- _Provided records_:
↓

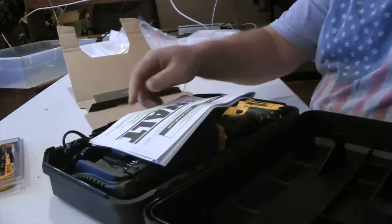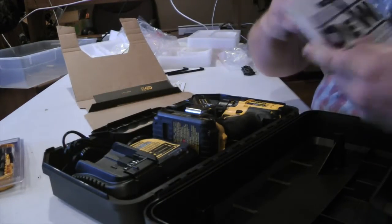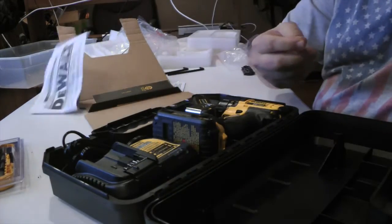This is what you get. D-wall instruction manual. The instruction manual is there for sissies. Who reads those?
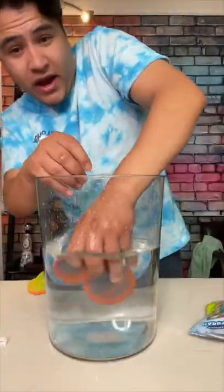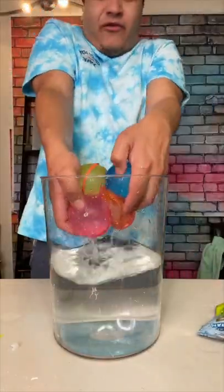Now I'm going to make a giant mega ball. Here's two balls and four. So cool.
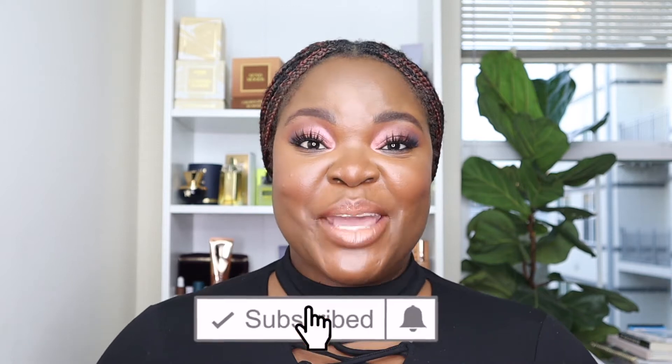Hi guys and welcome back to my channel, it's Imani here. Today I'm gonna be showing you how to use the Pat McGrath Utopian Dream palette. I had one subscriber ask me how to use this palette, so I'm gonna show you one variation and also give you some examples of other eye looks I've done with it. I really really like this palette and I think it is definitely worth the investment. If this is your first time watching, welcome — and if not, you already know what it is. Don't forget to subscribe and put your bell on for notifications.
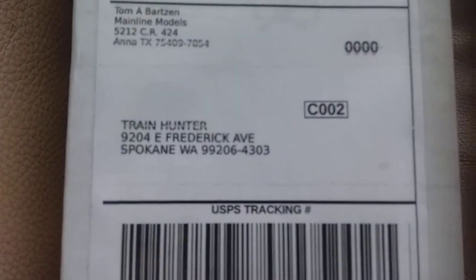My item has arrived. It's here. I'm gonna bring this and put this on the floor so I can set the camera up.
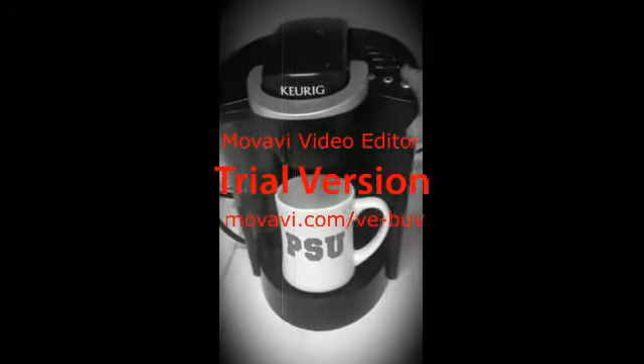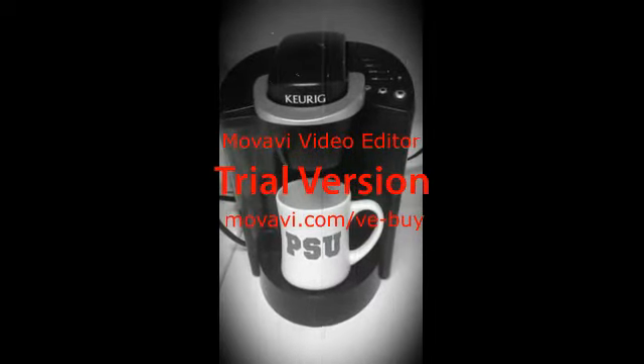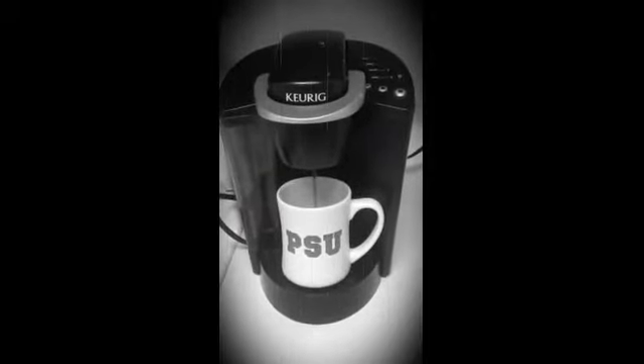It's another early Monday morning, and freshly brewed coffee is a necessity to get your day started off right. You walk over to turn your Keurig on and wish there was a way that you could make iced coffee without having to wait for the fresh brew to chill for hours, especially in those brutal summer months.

↑
↓

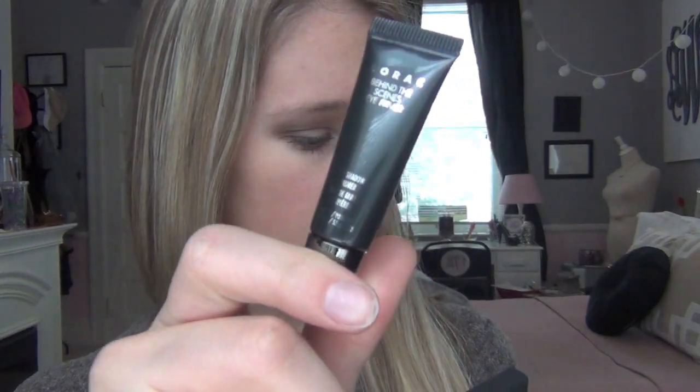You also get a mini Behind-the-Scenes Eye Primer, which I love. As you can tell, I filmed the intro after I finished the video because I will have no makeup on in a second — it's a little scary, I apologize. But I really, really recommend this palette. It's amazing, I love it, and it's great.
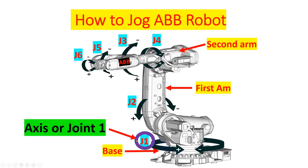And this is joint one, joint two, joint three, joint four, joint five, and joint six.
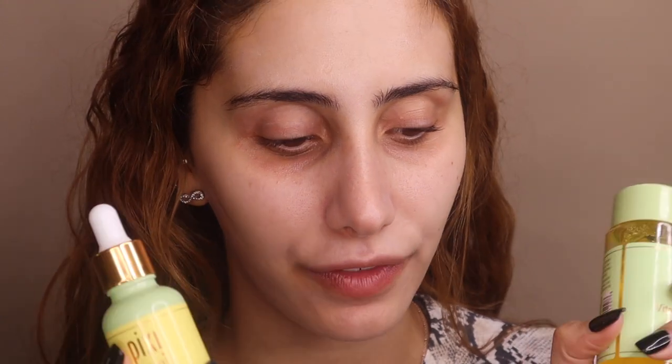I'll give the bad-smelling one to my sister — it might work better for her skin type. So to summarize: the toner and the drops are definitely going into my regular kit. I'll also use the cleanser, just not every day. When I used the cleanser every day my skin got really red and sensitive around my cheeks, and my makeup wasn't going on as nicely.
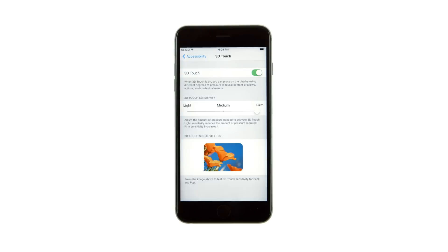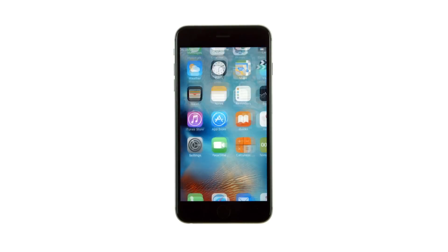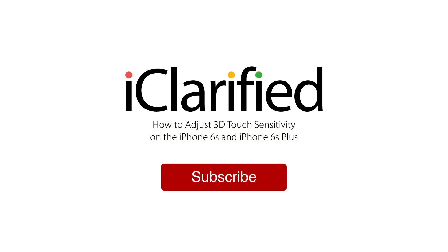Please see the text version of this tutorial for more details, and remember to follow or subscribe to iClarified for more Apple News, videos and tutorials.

↑
↓

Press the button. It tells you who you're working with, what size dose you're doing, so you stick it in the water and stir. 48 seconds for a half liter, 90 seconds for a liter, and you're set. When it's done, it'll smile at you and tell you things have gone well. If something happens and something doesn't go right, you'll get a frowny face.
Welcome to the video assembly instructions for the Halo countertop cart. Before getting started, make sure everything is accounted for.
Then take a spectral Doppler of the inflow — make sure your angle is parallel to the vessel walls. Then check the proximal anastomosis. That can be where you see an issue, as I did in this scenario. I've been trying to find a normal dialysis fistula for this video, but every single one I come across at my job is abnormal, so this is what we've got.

↑

- _What to produce_:
Copy word for word the lines above, starting at the line containing "And this is" and ending at the line containing "Please see the", inclusive, with no pictures.

- _Answer below_:
And this is joint one, joint two, joint three, joint four, joint five, and joint six.
I'll give the bad-smelling one to my sister — it might work better for her skin type. So to summarize: the toner and the drops are definitely going into my regular kit. I'll also use the cleanser, just not every day. When I used the cleanser every day my skin got really red and sensitive around my cheeks, and my makeup wasn't going on as nicely.
Please see the text version of this tutorial for more details, and remember to follow or subscribe to iClarified for more Apple News, videos and tutorials.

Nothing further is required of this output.